Just wondering if anybody had any luck with getting their labor started by squatting several times a day.

I have been having a lot of real contractions that just don't go anywhere. The MW said yesterday that the baby is still high up (though I swear he feels very low to me) and suggested I did some squatting.

Has anybody had luck? Did helping the baby come lower get labor started??
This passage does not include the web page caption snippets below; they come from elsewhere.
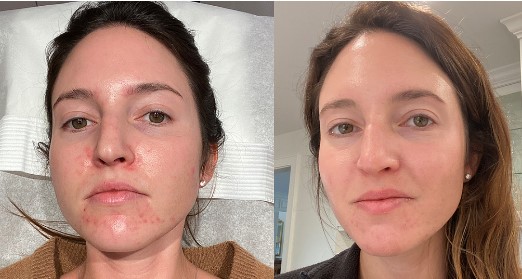 VI Peel Before And After See Visible Skin Changes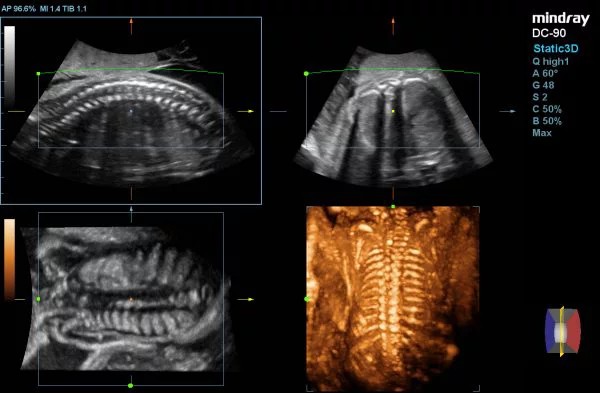 DC-90_X-24355476876555567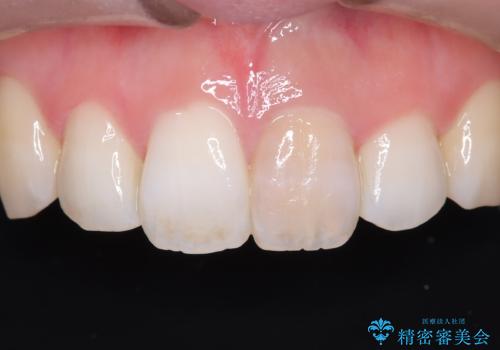 前歯の気になる変色を解消。再根管治療とオールセラミックで自然な美しさへの治療前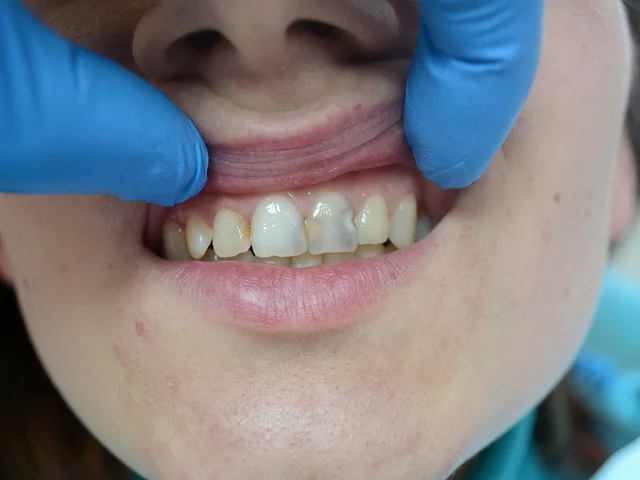 Jaký je dopad kyretáže zubů na vaše zuby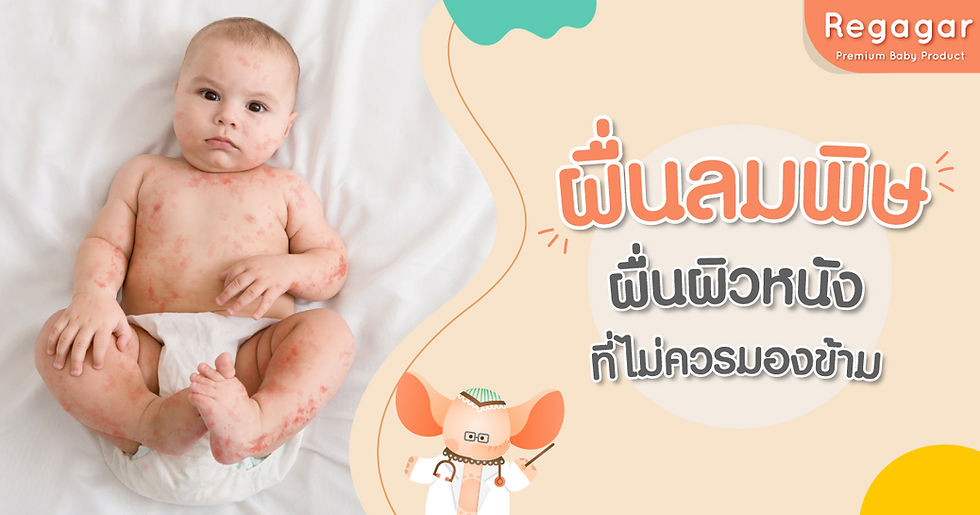 ผื่นลมพิษ
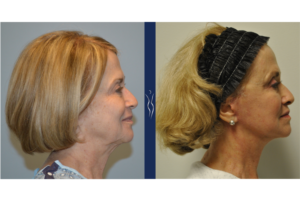69 year old caucasian woman face and neck lift with upper eye lid lift, fat transfer to the face, and erbium skin resurfacing right lateral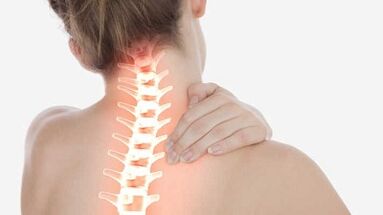 Les principales manifestations de l'ostéochondose cervicale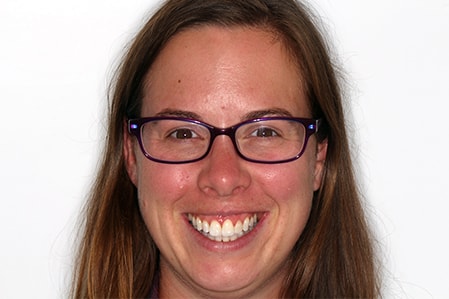 After Invisalign Treatment Reading Smiles After Invisalign Treatment Reading Smiles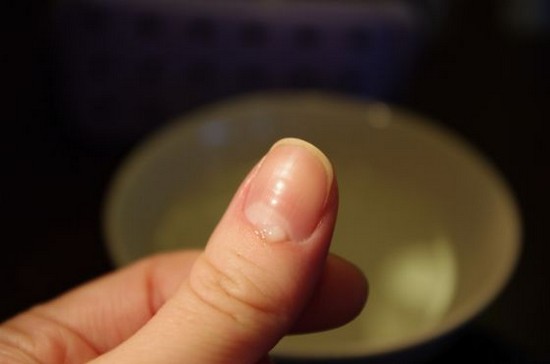 Cuticle borttagning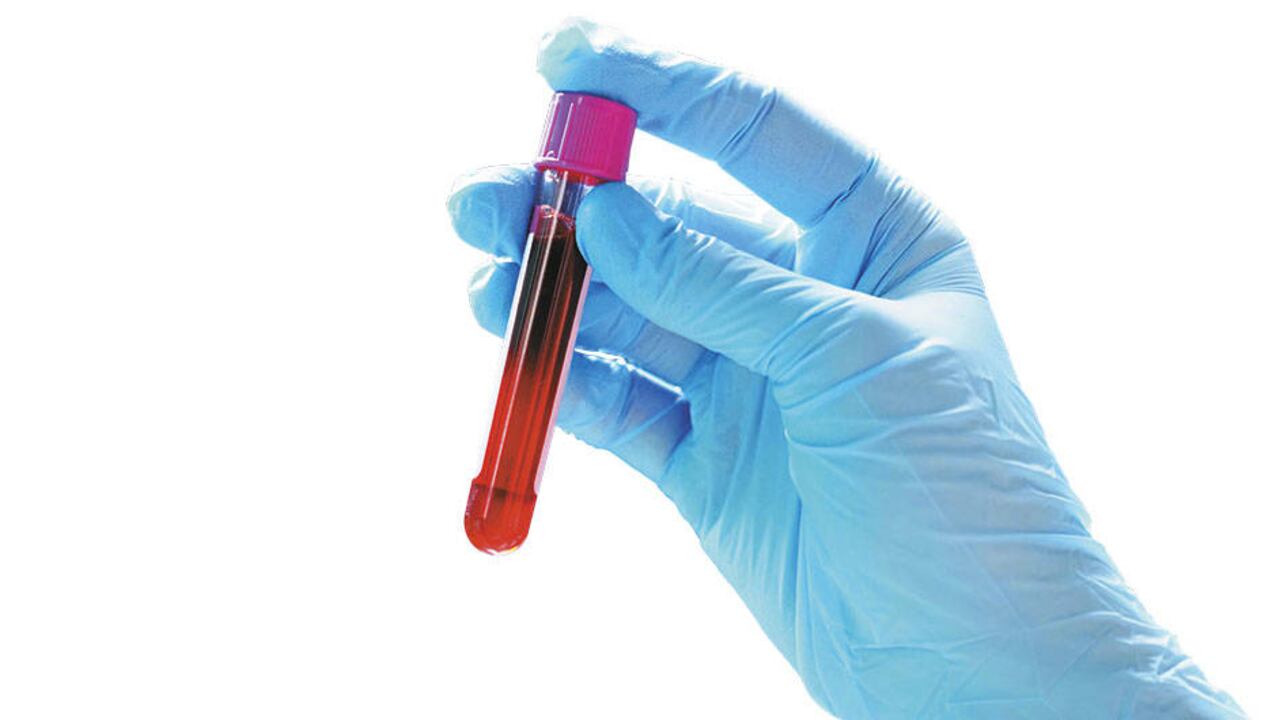 Los autores afirmaron que esperan pasar a ensayos clínicos en humanos "lo más rápido posible".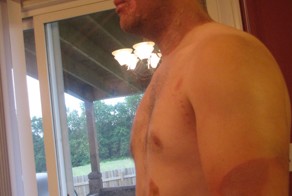 Последствия рыбалки со спиннингом в грозу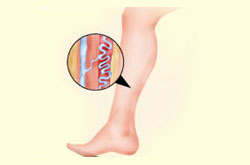 Varicose Veins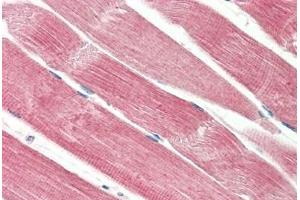 Human Skeletal Muscle: Formalin-Fixed, Paraffin-Embedded (FFPE) (THNSL2 anticorps  (AA 82-94))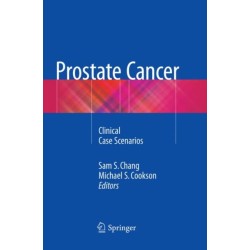 Prostate Cancer: Clinical Case Scenarios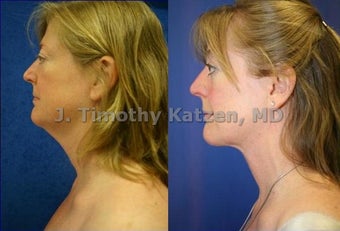Neck liposuction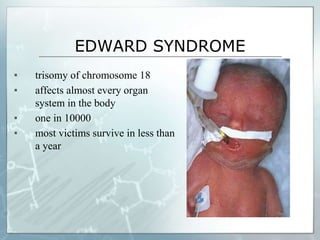 EDWARD SYNDROME
▪ trisomy of chromosome 18
▪ affects almost every organ
system in the body
▪ one in 10000
▪ most victims survive in less than
a year
 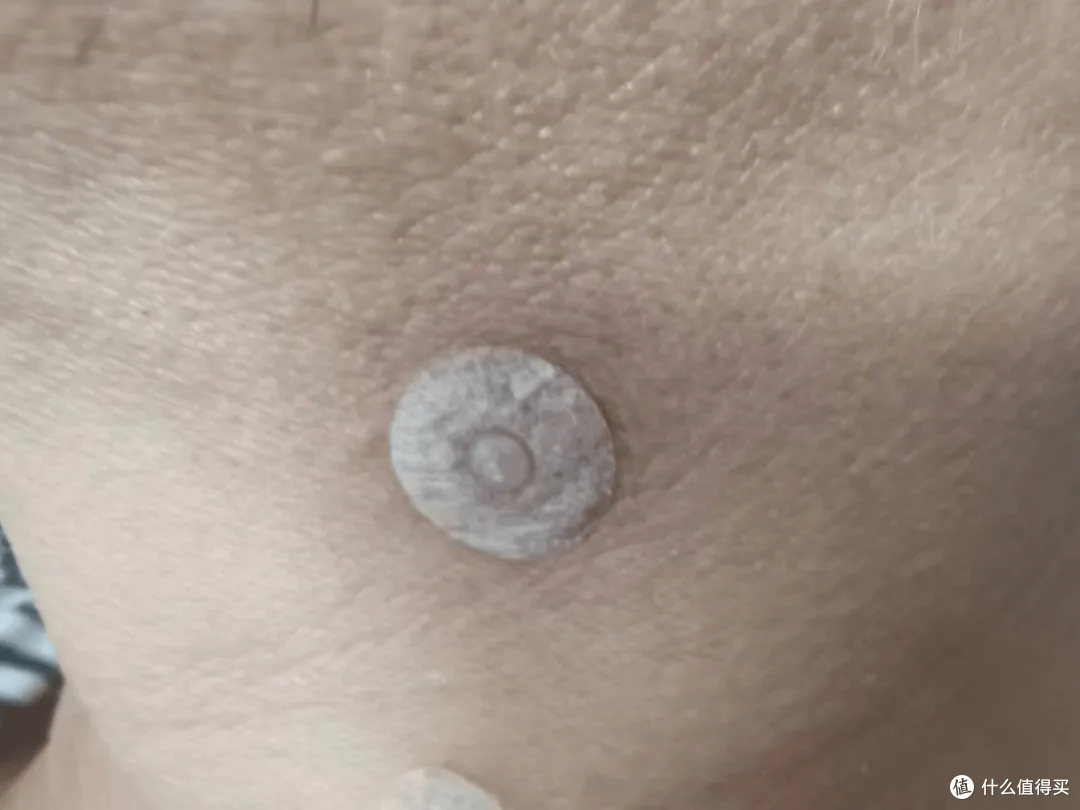 皮内针，约几毫米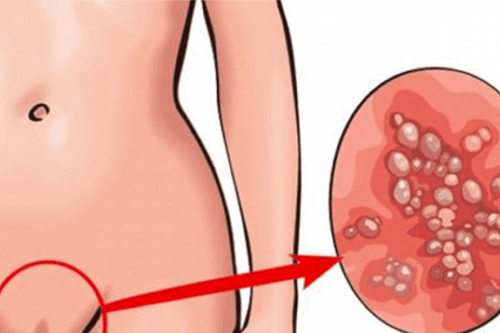 Những Dấu Hiệu Mắc Bệnh Sùi Mào Gà Ở Bộ Phận Sinh Dục Nữ Giới Pleiku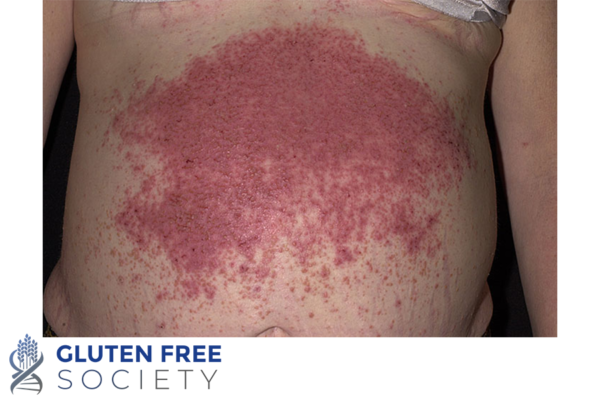 Can gluten cause skin problems gluten free society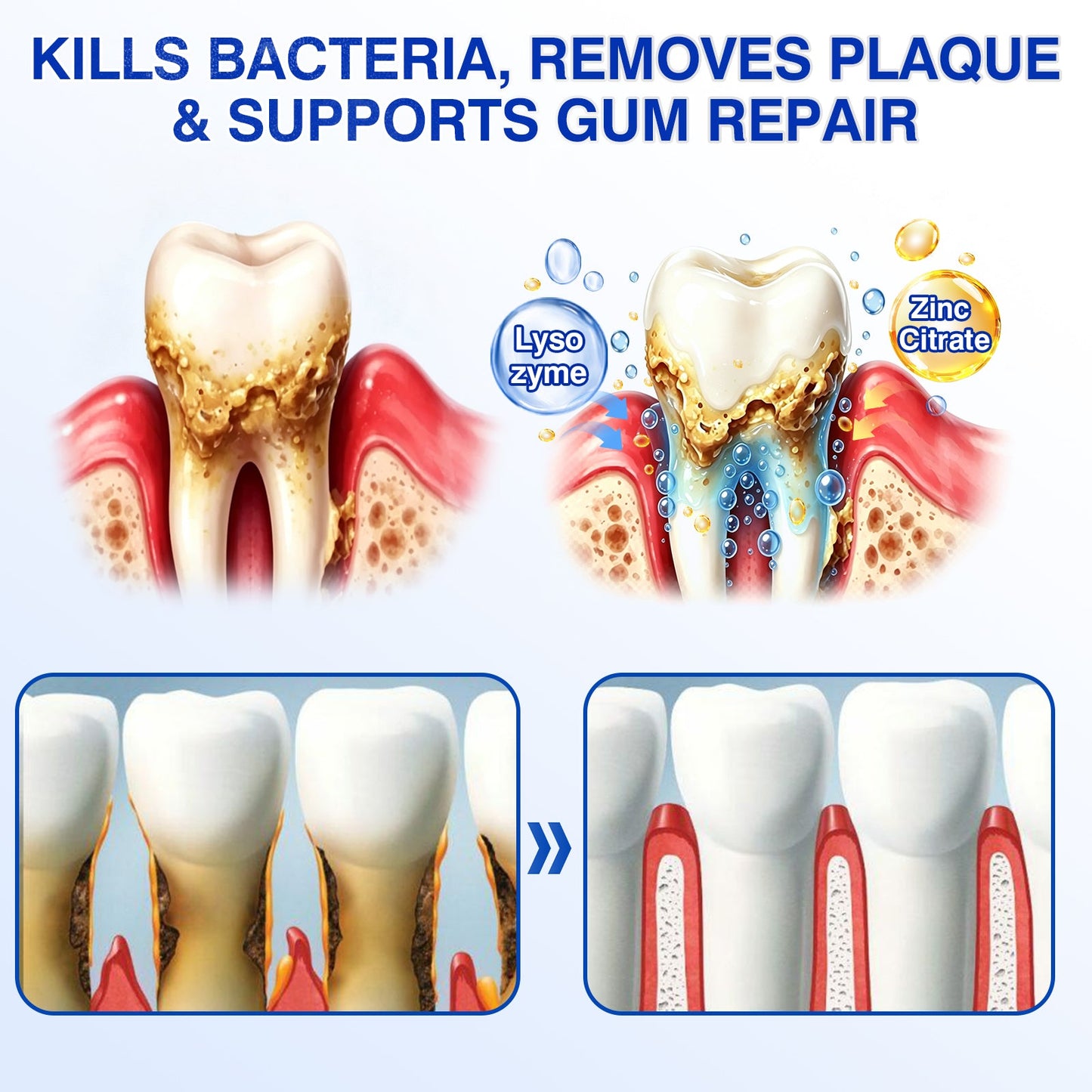 👨‍⚕️✅😁Evolvion® GumRevive Periodontal Repair Gel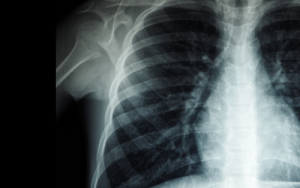 US-studie kan help om middelweerstandige TB vinniger te diagnoseer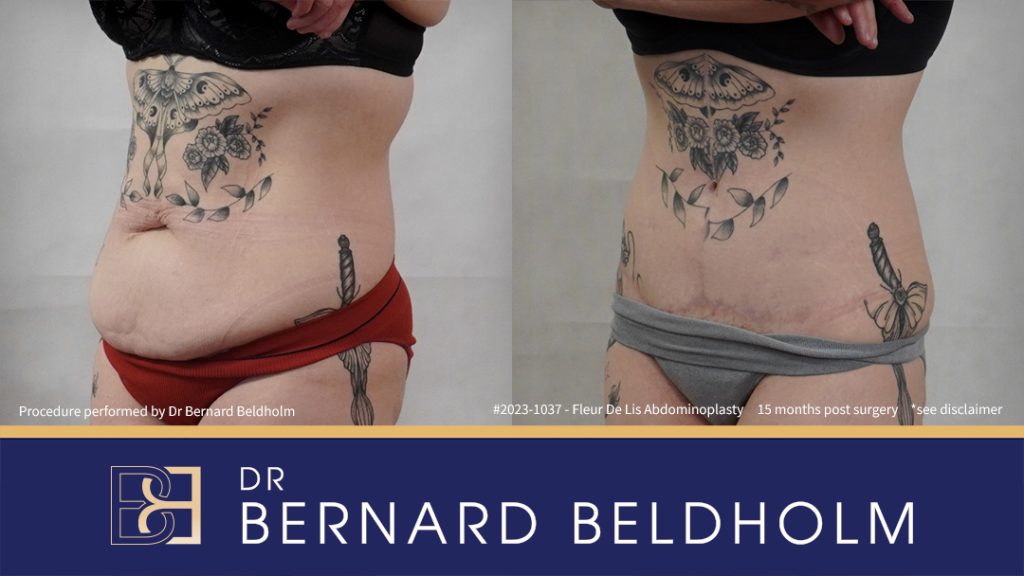 Fleur de Lis Abdominoplasty After Loosing 50kg of Weight (Patient 2023-1037) - Right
I have been doing EPO, RRL tea, sex. Still, once again, I am about to go over my due date (my earliest baby was 5 days "late" and the latest was induced at 14 days past EDD







).

I mean, I know a EDD is just a arbritary date. However, contrary to my other pregnancies, it feels like labor is about to begin for over 4 days now. It is as if my body wants to go into labor but something is making it stop...


----------



## 2+twins (Apr 20, 2004)

I'm sorry! I know how hard it can be at the end. I've never heard of squatting incouraging labor though (not that I know everything :LOL). Anyway, I don't really have any advice except what you already know - relax and accept that your baby will come when he's good & ready. Perhaps you will have a shorter labor since you're doing some prep work now.


----------



## cchrissyy (Apr 22, 2003)

I'm a week overdue now, but never heard of squatting to help... maybe if you bounced too







I wish I knew how to get my baby lower to pressure the cervix too- my last one was way lower for weeks. this one hasn't dropped at all yet.


----------



## sm3247 (May 9, 2003)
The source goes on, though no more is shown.